Scraped caption text data:
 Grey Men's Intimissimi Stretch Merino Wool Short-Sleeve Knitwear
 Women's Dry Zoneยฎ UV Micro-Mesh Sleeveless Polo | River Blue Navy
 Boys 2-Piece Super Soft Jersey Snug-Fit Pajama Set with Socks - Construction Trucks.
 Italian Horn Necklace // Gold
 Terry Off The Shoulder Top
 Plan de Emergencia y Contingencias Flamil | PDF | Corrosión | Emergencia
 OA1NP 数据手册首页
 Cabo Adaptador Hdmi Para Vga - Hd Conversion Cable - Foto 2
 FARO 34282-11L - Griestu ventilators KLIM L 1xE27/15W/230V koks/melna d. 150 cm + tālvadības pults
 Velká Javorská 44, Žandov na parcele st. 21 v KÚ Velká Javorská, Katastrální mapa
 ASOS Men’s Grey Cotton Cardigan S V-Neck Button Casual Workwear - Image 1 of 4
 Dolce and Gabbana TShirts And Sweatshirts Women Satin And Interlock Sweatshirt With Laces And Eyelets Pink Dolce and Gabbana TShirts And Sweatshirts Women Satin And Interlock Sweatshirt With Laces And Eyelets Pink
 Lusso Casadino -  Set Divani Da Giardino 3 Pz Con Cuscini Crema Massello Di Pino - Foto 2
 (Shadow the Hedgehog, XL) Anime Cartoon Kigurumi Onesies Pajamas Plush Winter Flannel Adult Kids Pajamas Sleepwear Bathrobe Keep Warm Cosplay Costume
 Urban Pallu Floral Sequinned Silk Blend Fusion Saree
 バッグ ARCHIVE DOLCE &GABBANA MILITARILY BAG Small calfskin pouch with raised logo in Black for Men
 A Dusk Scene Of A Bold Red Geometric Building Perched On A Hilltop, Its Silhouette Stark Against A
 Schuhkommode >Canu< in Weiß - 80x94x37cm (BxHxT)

● **WHAT IS REQUIRED**
Please output each entry above exactly, leaving nothing out.

● **RESPONSE FOR THIS EXERCISE**
 Grey Men's Intimissimi Stretch Merino Wool Short-Sleeve Knitwear
 Women's Dry Zoneยฎ UV Micro-Mesh Sleeveless Polo | River Blue Navy
 Boys 2-Piece Super Soft Jersey Snug-Fit Pajama Set with Socks - Construction Trucks.
 Italian Horn Necklace // Gold
 Terry Off The Shoulder Top
 Plan de Emergencia y Contingencias Flamil | PDF | Corrosión | Emergencia
 OA1NP 数据手册首页
 Cabo Adaptador Hdmi Para Vga - Hd Conversion Cable - Foto 2
 FARO 34282-11L - Griestu ventilators KLIM L 1xE27/15W/230V koks/melna d. 150 cm + tālvadības pults
 Velká Javorská 44, Žandov na parcele st. 21 v KÚ Velká Javorská, Katastrální mapa
 ASOS Men’s Grey Cotton Cardigan S V-Neck Button Casual Workwear - Image 1 of 4
 Dolce and Gabbana TShirts And Sweatshirts Women Satin And Interlock Sweatshirt With Laces And Eyelets Pink Dolce and Gabbana TShirts And Sweatshirts Women Satin And Interlock Sweatshirt With Laces And Eyelets Pink
 Lusso Casadino -  Set Divani Da Giardino 3 Pz Con Cuscini Crema Massello Di Pino - Foto 2
 (Shadow the Hedgehog, XL) Anime Cartoon Kigurumi Onesies Pajamas Plush Winter Flannel Adult Kids Pajamas Sleepwear Bathrobe Keep Warm Cosplay Costume
 Urban Pallu Floral Sequinned Silk Blend Fusion Saree
 バッグ ARCHIVE DOLCE &GABBANA MILITARILY BAG Small calfskin pouch with raised logo in Black for Men
 A Dusk Scene Of A Bold Red Geometric Building Perched On A Hilltop, Its Silhouette Stark Against A
 Schuhkommode >Canu< in Weiß - 80x94x37cm (BxHxT)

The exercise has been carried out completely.